A sculptor who takes his inspiration from the West Midlands’ industrial heritage isamong the outstanding former students who will be honoured at Birmingham City University’s forthcoming graduation ceremonies.

Luke Perry graduated with a BA (Hons) degree in Fine Art in 2005 and is being honoured as one of the University’s Alumni of the Year in the Excellence in Sport or the Arts category.

With a passion for art and engineering, Luke uses his expertise in both fields to design and build large-scale sculptures that celebrate the Midlands’ industrial heritage. He is founder and director of Industrial Heritage Stronghold, a not-for-profit organisation which aims to “build Public Artworks which celebrate our industrial heritage in a very real way”.

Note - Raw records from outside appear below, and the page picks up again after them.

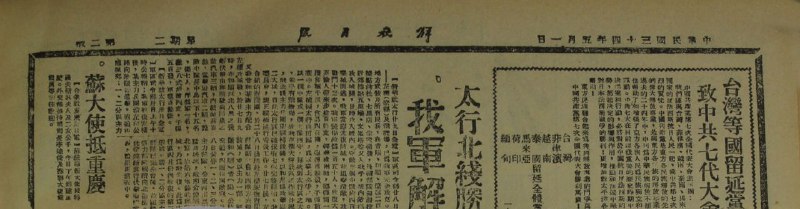 不正确的集体记忆——1945年5月1日《解放日报》刊载《台湾等国留延党员致中共七大大会祝贺词》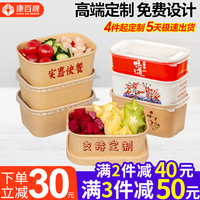 一次性牛皮紙方形打包盒便當(dāng)飯盒
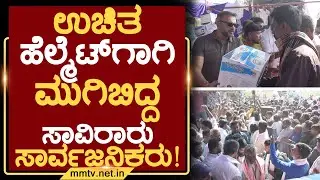 ಉಚಿತ ಹೆಲ್ಮೆಟ್‌ಗಾಗಿ ಮುಗಿಬಿದ್ದ ಸಾವಿರಾರು ಸಾರ್ವಜನಿಕರು ! | ಚಿಕ್ಕಬಳ್ಳಾಪುರ @MMTV-News 25-12-2025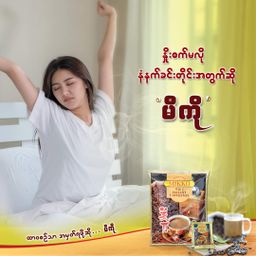 Mikko_Instant Coffeemix 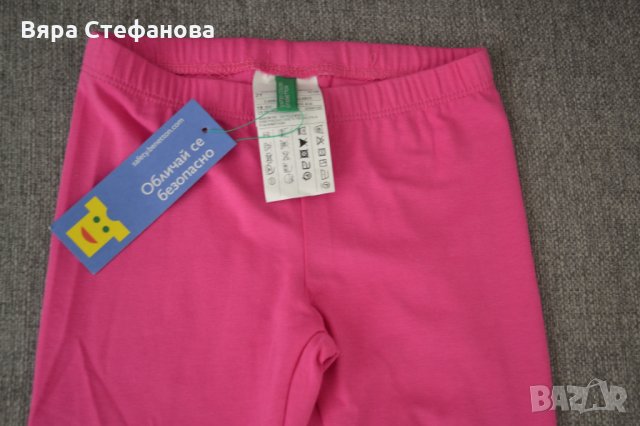 Нов клин Бенетон Benetton, снимка 2 - Детски клинове - 22350450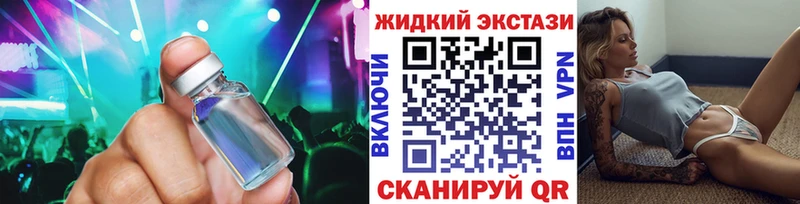 Бутират 1.4BDO  Мончегорск 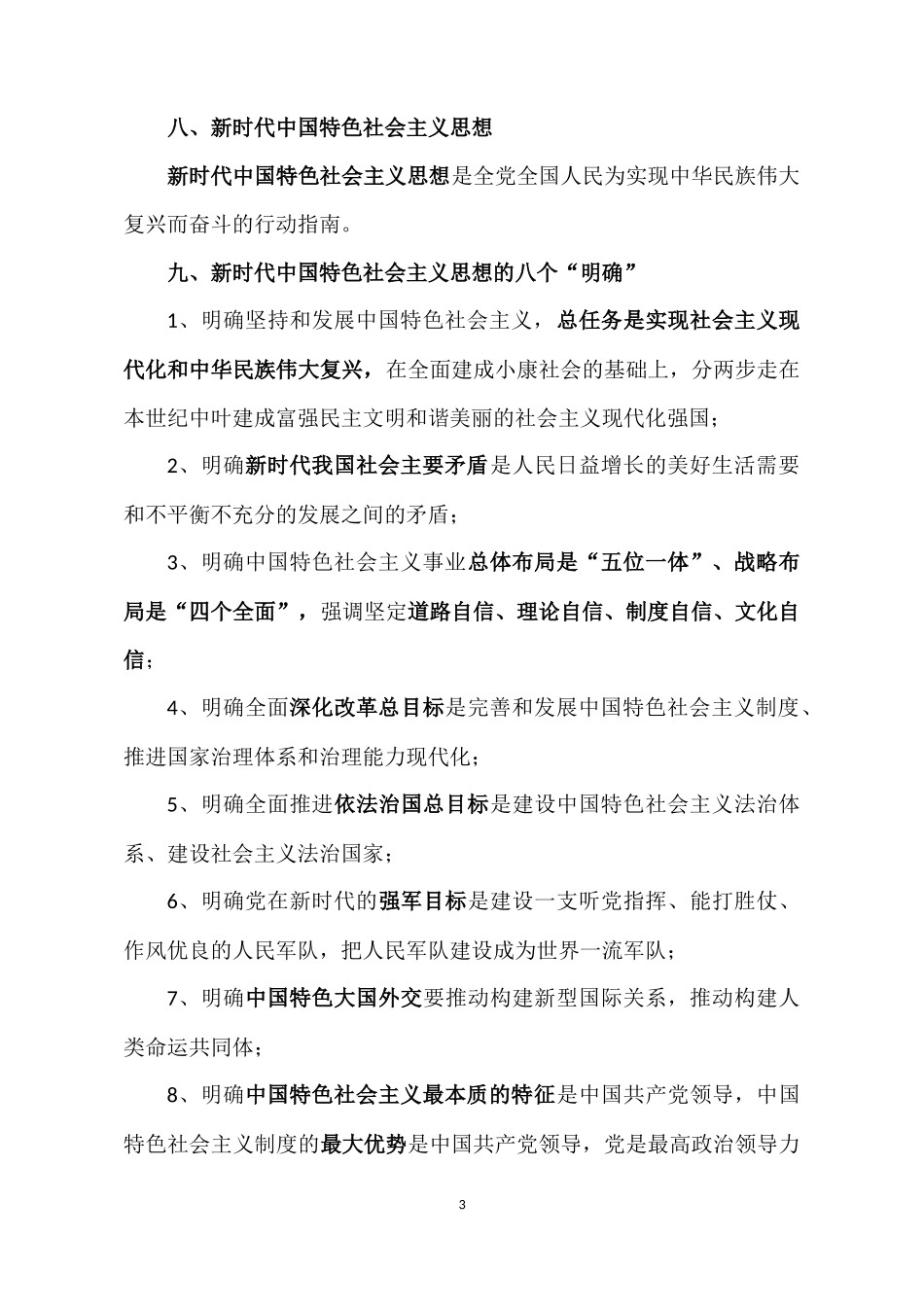 关于党的十九大报告-你必须知道的“关键词”_第3页
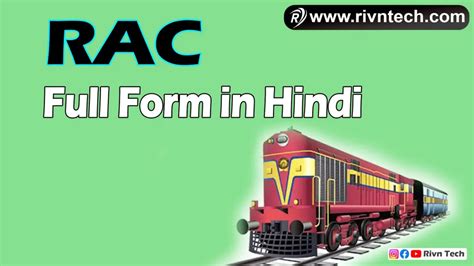 Rac Full Form In Hindi Rac का पूरा नाम Rac का मतलब क्या होता है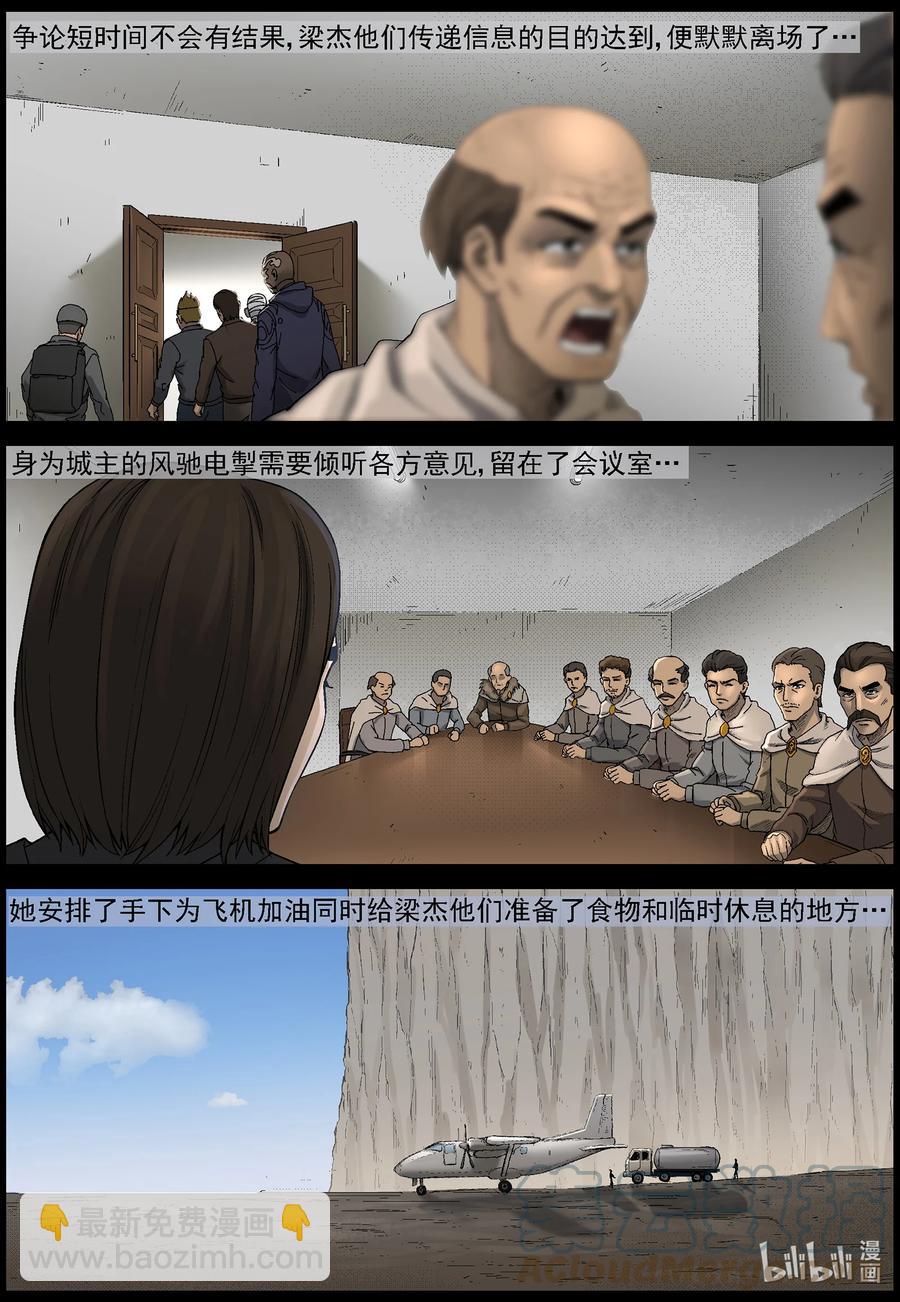 576 天元城-2-第580话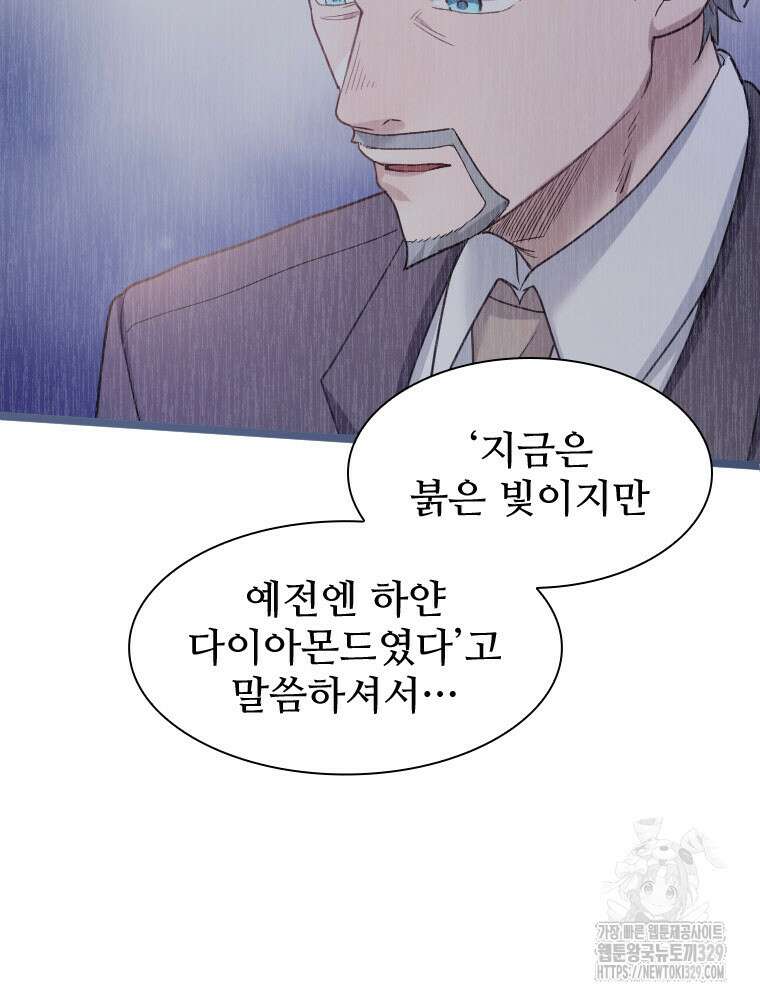 철벽의 영애 55화 17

His family runs a chain and rigging manufacturing company which has been in operation for over 100 years, and is one of the last remaining factories that still makes bespoke chains of the size that would have been used on the Titanic. Combining his family history with his own creative expertise, it was a natural choice for Luke to specialise in large-scale public art which reflects Britain’s industrial heritage.

As his reputation has grown, Luke is now often called on to create public art as part of new developments, but he also spends time himself looking at potential schemes where he can get involved. Community involvement is a priority for Luke, and he always begins projects by asking local people what they will like to see – which he believes has helped his installations to become accepted and valued by those who live nearby.

The past year has been his busiest yet, with projects during 2011 including designing, building and installing 37 sculptural installations for the Dudley No2 Canal, being commissioned to design and install the Chainmakers Monument in Cradley Heath and design the landscaping for the surrounding park, and being appointed by Wates Developments as consultant for the Dudley Guest New Village development.

He said: “I’m just so lucky to be able to do what I love as a career, which isn’t something everyone gets the chance to do. I’m always learning and there are people I work with who know far more than me, so I really feel very humbled that people have seen fit to recognise my work in this way.”